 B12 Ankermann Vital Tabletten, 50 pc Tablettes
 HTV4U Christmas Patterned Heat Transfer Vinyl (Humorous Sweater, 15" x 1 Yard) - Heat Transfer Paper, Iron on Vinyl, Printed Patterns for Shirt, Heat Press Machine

________________________________________

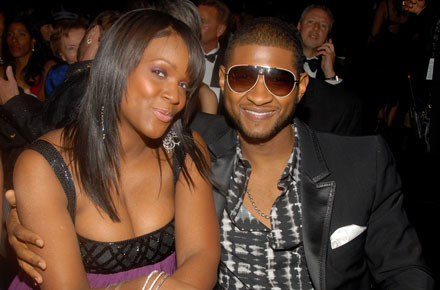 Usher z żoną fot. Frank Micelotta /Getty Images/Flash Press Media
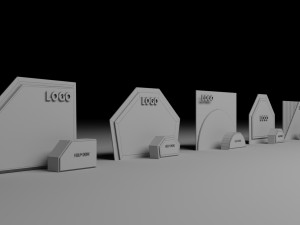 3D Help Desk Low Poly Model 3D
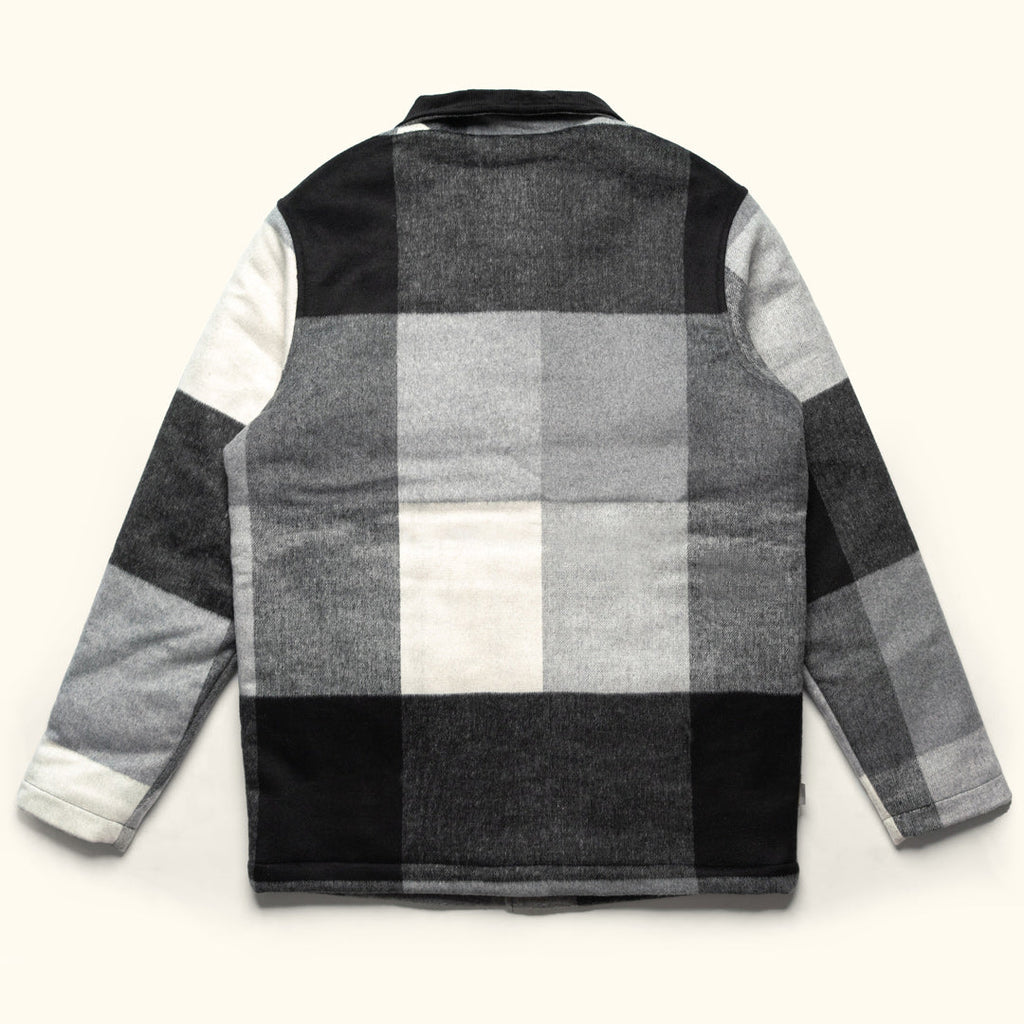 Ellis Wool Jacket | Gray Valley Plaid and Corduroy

________________________________________

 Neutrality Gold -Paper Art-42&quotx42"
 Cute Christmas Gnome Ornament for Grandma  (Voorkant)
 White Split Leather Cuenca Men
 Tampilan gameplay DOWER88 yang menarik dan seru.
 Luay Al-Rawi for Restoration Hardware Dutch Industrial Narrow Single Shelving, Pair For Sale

________________________________________

**Your goal:** Taking the entries above, restate exactly those lines that fall between the line with "B12 Ankermann Vital" and the line with "HTV4U Christmas Patterned", keeping both of those lines too.

**Answer box:**
 B12 Ankermann Vital Tabletten, 50 pc Tablettes
 HTV4U Christmas Patterned Heat Transfer Vinyl (Humorous Sweater, 15" x 1 Yard) - Heat Transfer Paper, Iron on Vinyl, Printed Patterns for Shirt, Heat Press Machine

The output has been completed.